The author has been described by News Ltd as an "iconoclast", "Svengali", a pollie's "economist muse", and "pungently accurate". Fairfax says he is a "Renaissance man" and "one of Australia’s most respected analysts." Stephen Koukoulas concludes that he is "85% right", and "would make a great Opposition leader." Terry McCrann claims the author thinks "‘nuance’ is a trendy village in the south of France", but can be "scintillating" when he thinks "clearly". The ACTU reckons he’s "an enigma wrapped in a Bloomberg terminal, wrapped in some apparently well-honed abs."

Monday, August 22, 2011

More on the fiscalisation of monetary policy: Trichet's legacy

I have been banging on about this for some time now. It is what makes the senior folks inside the RBA especially nervous. Think the politicisation of central banking. From the Financial Times:

"But in Germany, Mr Trichet is already “the central banker who went too far”. These days, he gets an atrocious press in the eurozone’s largest economy. An editorial in the Frankfurter Allgemeine Zeitung last week accused him of turning the ECB into the EBB, the European bad bank, with mountains of dubious assets on its books, including €45bn of Greek bonds.
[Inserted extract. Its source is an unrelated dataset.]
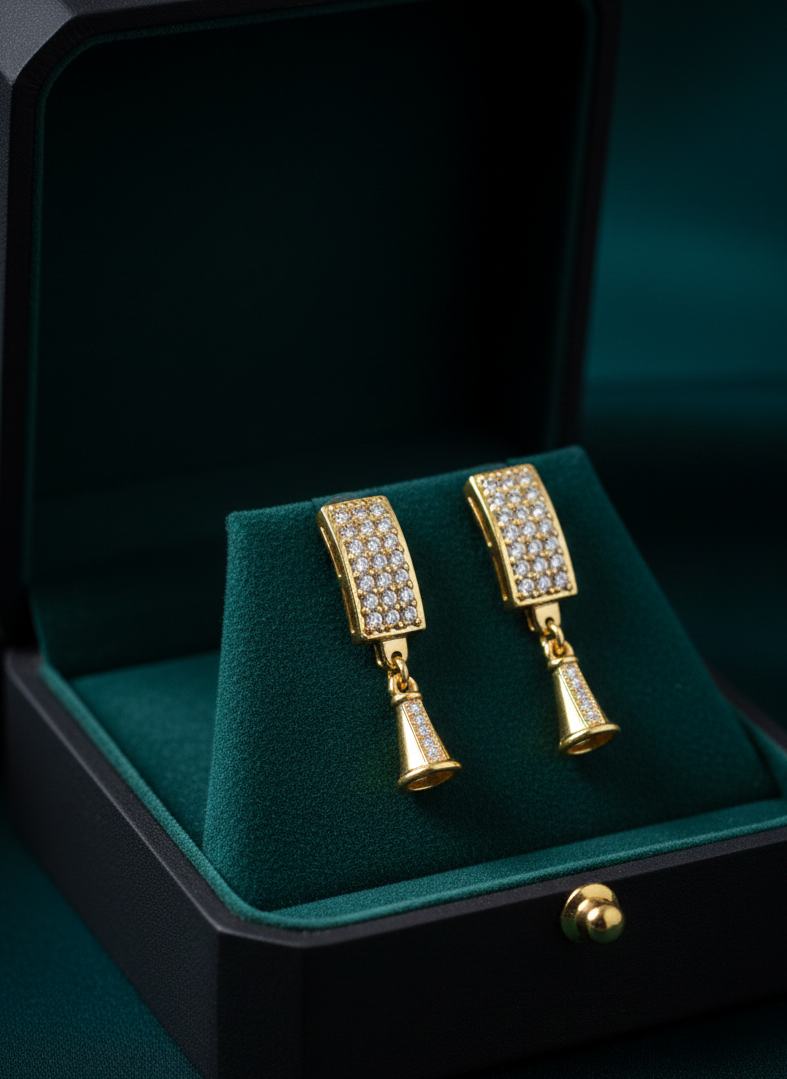 Art Deco Geometric Rectangular & Bell Drop Earrings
Germans – including the Bundesbank, which opposed bond purchases – fear the ECB has strayed dangerously far into fiscal policy, compromising its task of ensuring sound money. The ECB had become a minion of the politicians, the FAZ complained.


Risks on the ECB’s balance sheet have certainly escalated, and an ignominious recapitalisation might become necessary. Still, it is hard to argue convincingly that Mr Trichet is a pushover for politicians.

A better-targeted criticism would be that he is “the central banker who became a law unto himself”. Earlier this month, Mr Trichet – and Italy’s Mario Draghi, who will succeed him – dictated to Silvio Berlusconi the emergency fiscal steps Rome would have to take before the ECB would start buying the country’s bonds. Last year, Ireland was forced into a bail-out after the ECB threatened to cut off life-saving liquidity to its banks. Rarely has an independent central bank held such leverage over democratically elected governments."